--- Data Enclosed Below ---

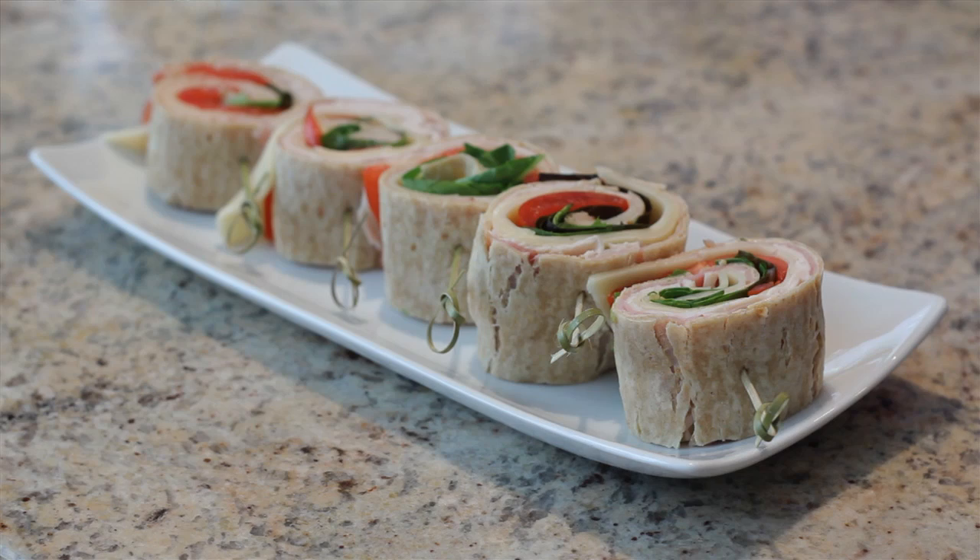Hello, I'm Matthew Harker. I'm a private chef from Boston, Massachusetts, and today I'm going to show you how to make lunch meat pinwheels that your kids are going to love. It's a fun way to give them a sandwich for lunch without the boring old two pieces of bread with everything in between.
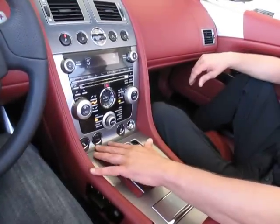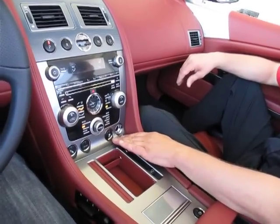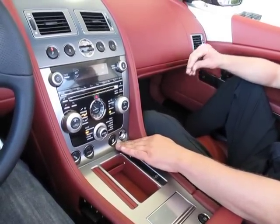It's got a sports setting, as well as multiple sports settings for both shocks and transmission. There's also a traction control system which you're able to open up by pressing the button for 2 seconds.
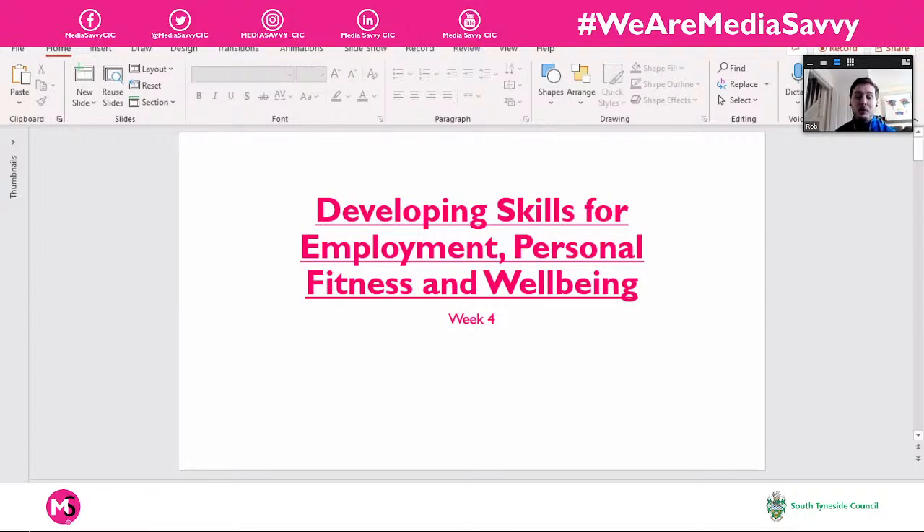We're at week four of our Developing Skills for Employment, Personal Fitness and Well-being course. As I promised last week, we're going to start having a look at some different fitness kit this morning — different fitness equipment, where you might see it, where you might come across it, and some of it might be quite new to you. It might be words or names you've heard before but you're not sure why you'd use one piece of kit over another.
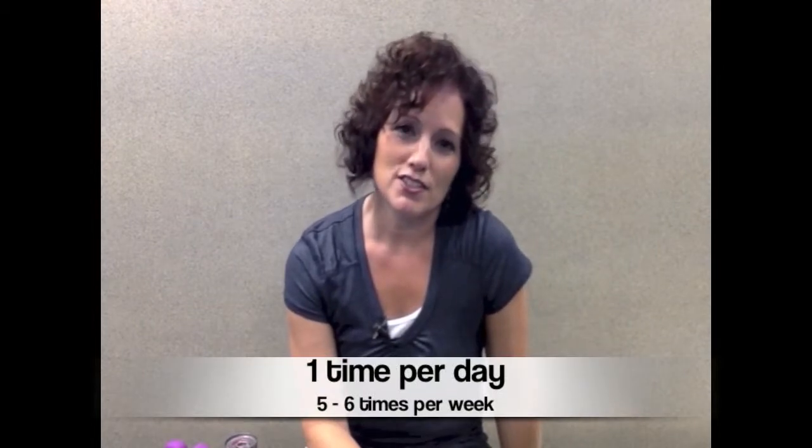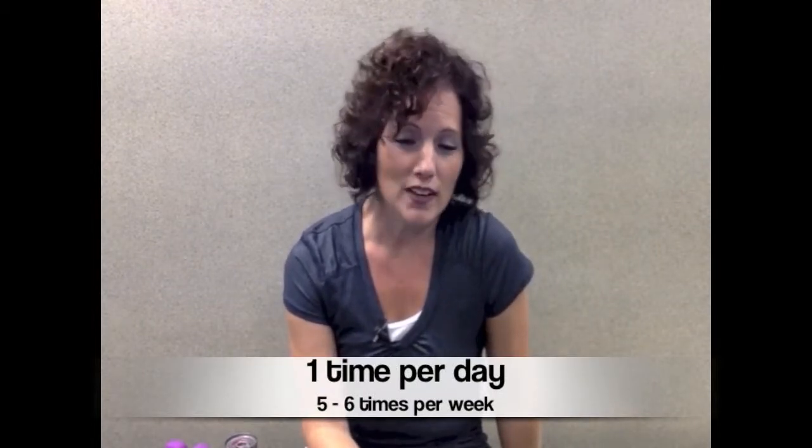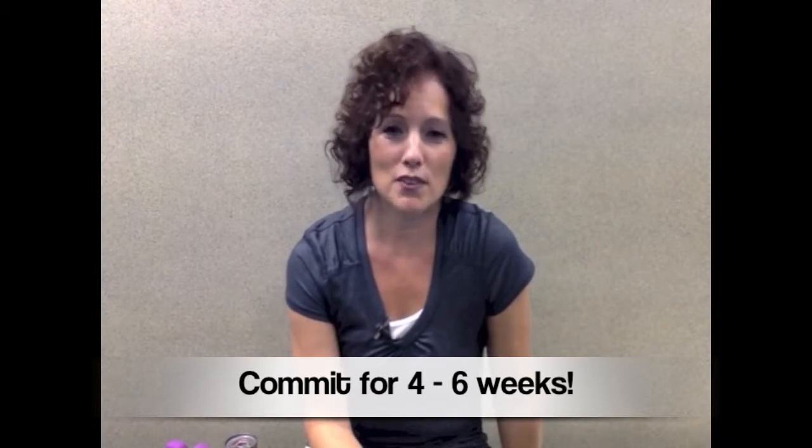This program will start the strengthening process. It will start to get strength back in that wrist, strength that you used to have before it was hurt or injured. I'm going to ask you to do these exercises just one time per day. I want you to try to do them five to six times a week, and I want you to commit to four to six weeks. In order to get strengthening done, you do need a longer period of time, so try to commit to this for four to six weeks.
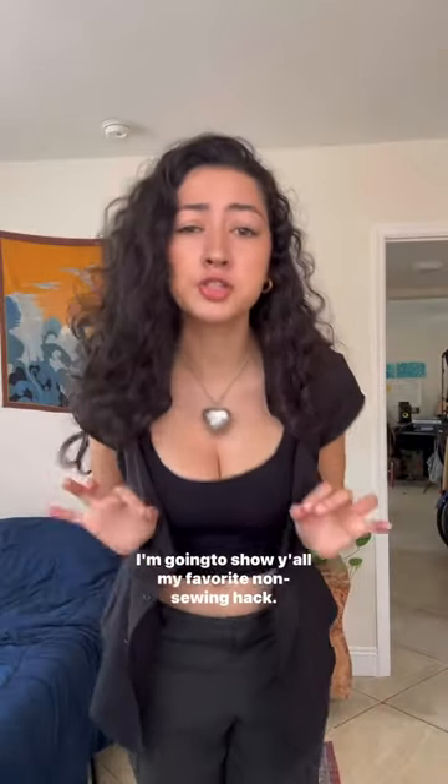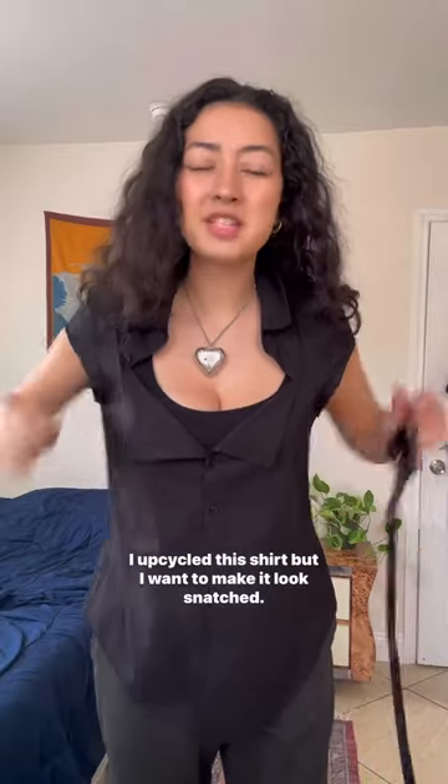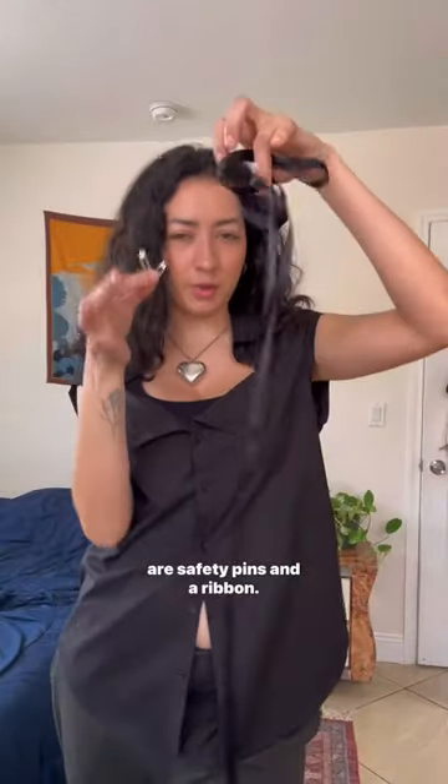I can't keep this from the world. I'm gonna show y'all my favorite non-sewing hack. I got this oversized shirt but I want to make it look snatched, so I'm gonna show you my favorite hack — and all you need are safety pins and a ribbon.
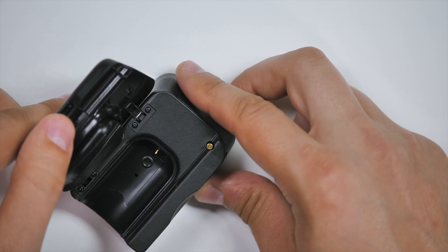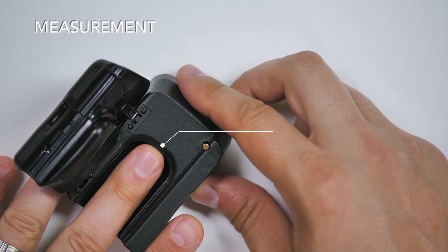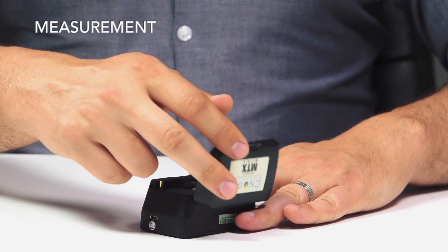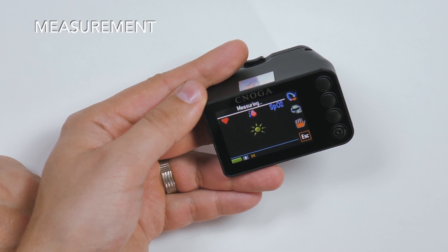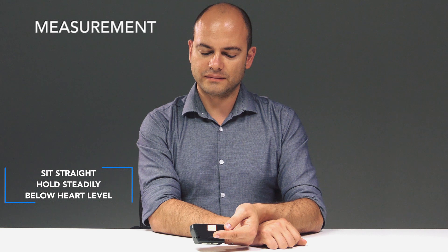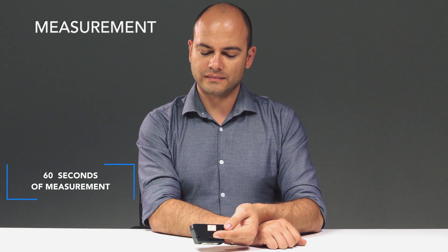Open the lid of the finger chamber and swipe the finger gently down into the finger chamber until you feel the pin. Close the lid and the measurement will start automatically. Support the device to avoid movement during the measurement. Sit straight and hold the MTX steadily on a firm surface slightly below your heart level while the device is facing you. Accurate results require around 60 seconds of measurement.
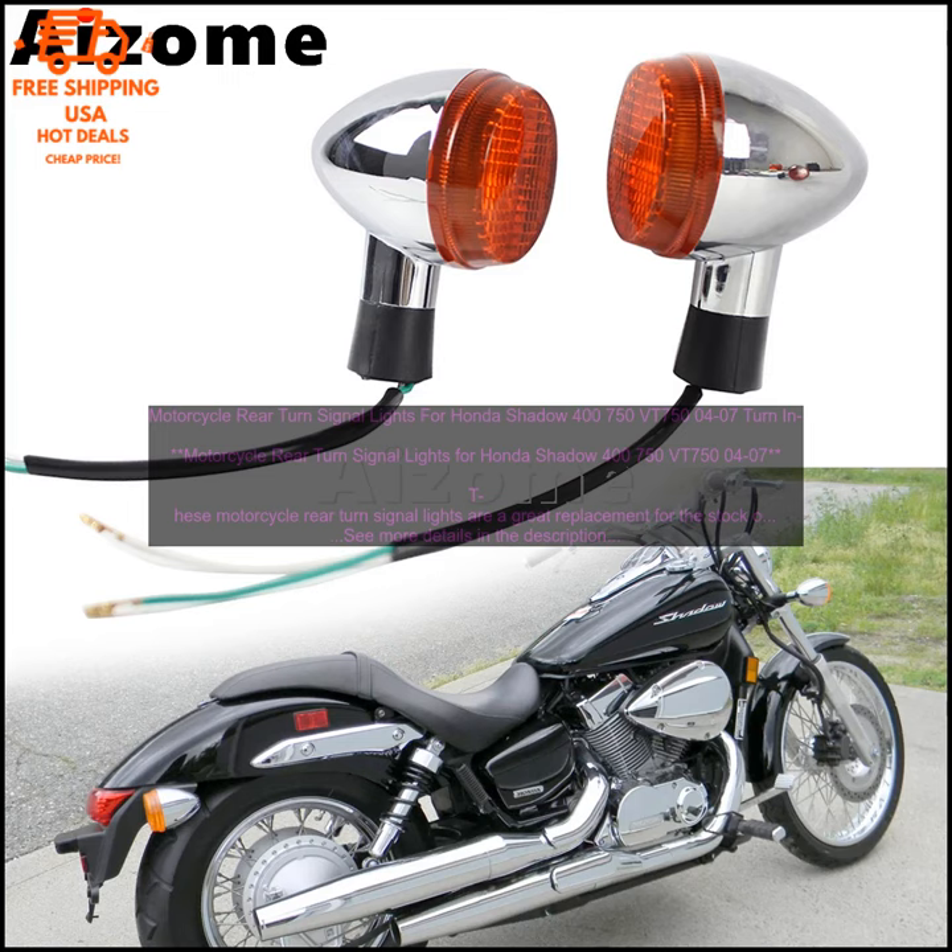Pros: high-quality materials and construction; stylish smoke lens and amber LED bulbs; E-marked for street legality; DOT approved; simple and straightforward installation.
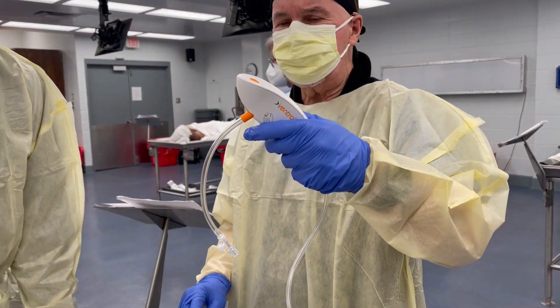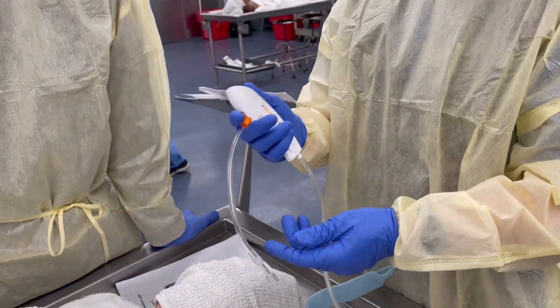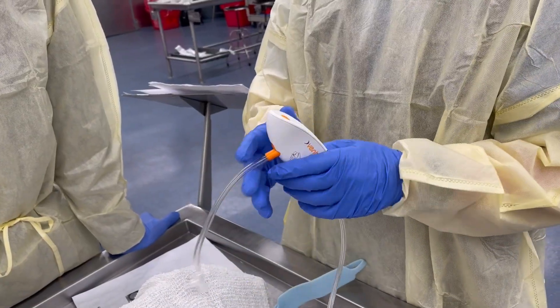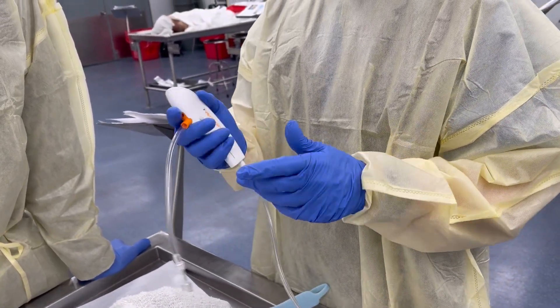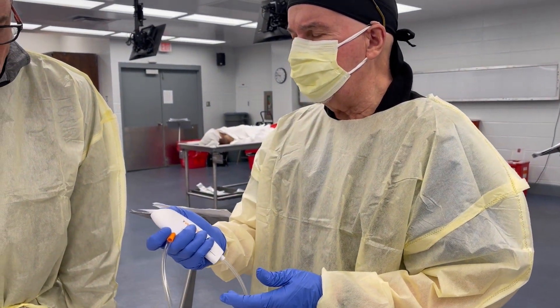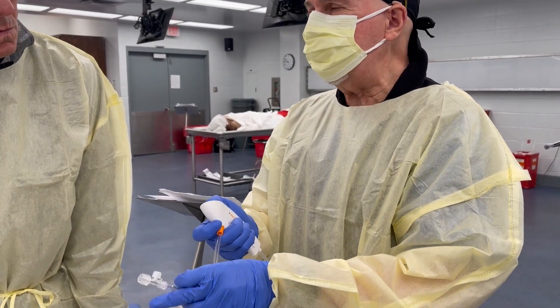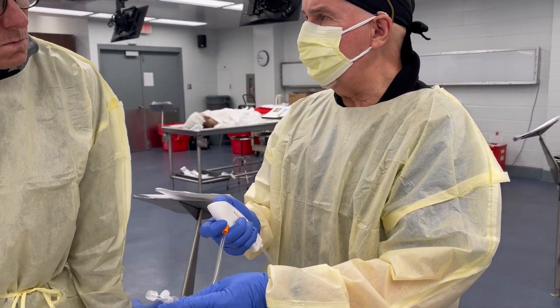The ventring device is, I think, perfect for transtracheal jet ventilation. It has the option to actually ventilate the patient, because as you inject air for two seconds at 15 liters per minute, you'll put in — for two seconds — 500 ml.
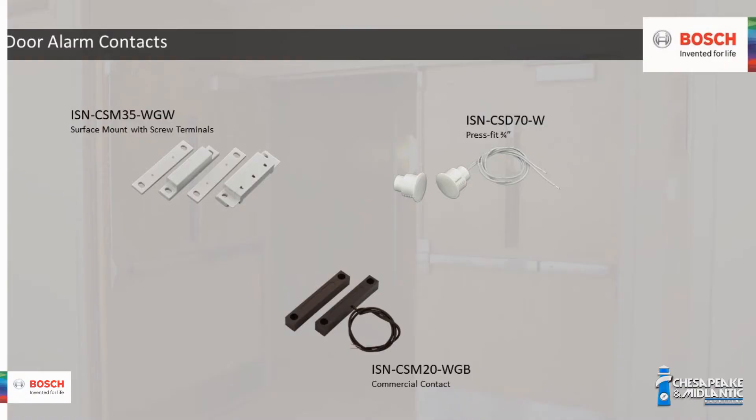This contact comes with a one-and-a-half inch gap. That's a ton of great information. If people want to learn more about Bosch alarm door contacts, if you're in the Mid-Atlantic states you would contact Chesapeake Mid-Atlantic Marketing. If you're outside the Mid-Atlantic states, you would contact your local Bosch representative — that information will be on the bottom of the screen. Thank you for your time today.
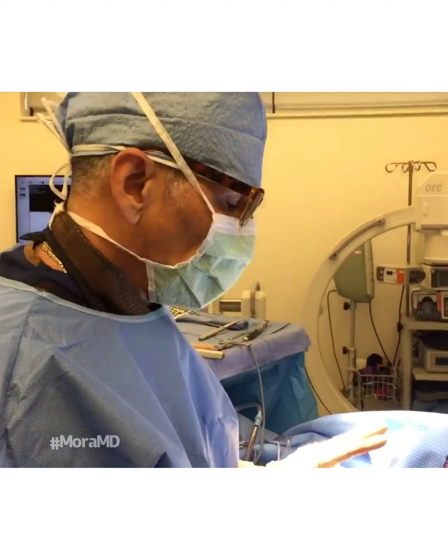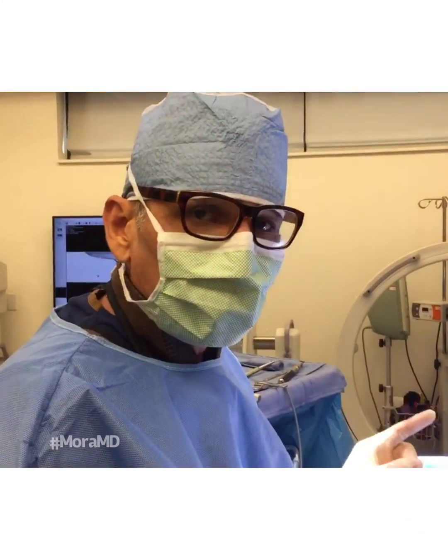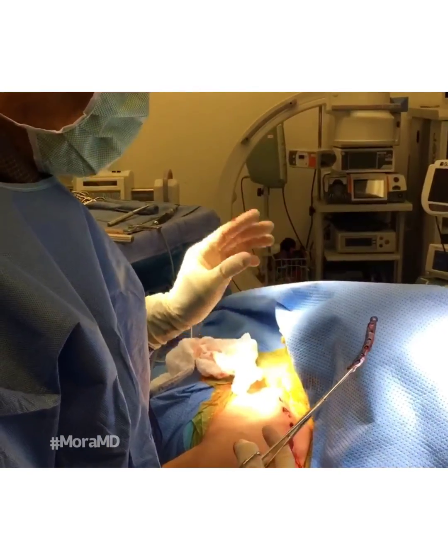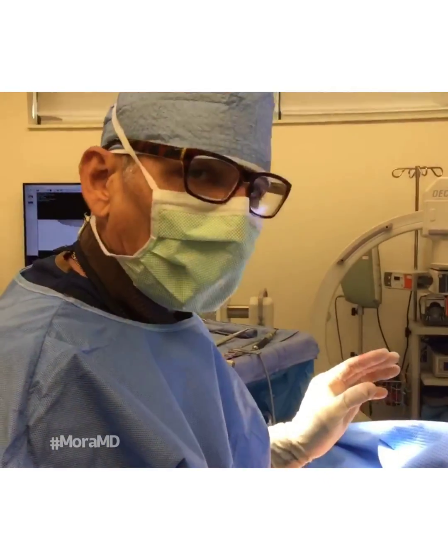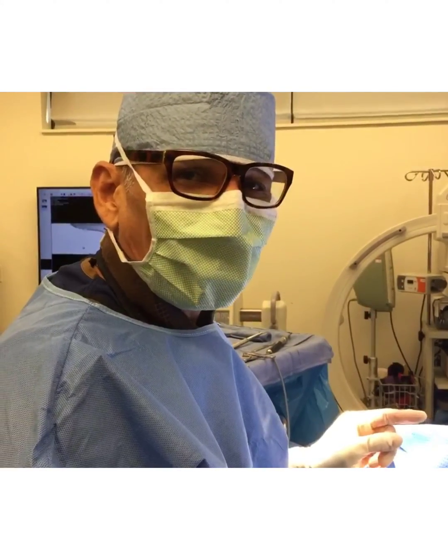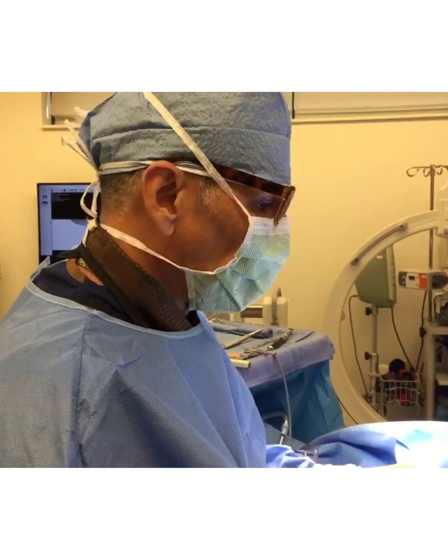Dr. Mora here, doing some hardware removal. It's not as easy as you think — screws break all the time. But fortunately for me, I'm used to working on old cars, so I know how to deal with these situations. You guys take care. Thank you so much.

--- End of Enclosed Data ---

Assignment: Once the line with "This program will" is found above, transcribe each line from it through the line with "This contact comes", exactly, and omit the pictures.

Task solution:
This program will start the strengthening process. It will start to get strength back in that wrist, strength that you used to have before it was hurt or injured. I'm going to ask you to do these exercises just one time per day. I want you to try to do them five to six times a week, and I want you to commit to four to six weeks. In order to get strengthening done, you do need a longer period of time, so try to commit to this for four to six weeks.
I can't keep this from the world. I'm gonna show y'all my favorite non-sewing hack. I got this oversized shirt but I want to make it look snatched, so I'm gonna show you my favorite hack — and all you need are safety pins and a ribbon.
Open the lid of the finger chamber and swipe the finger gently down into the finger chamber until you feel the pin. Close the lid and the measurement will start automatically. Support the device to avoid movement during the measurement. Sit straight and hold the MTX steadily on a firm surface slightly below your heart level while the device is facing you. Accurate results require around 60 seconds of measurement.
Pros: high-quality materials and construction; stylish smoke lens and amber LED bulbs; E-marked for street legality; DOT approved; simple and straightforward installation.
The ventring device is, I think, perfect for transtracheal jet ventilation. It has the option to actually ventilate the patient, because as you inject air for two seconds at 15 liters per minute, you'll put in — for two seconds — 500 ml.
This contact comes with a one-and-a-half inch gap. That's a ton of great information. If people want to learn more about Bosch alarm door contacts, if you're in the Mid-Atlantic states you would contact Chesapeake Mid-Atlantic Marketing. If you're outside the Mid-Atlantic states, you would contact your local Bosch representative — that information will be on the bottom of the screen. Thank you for your time today.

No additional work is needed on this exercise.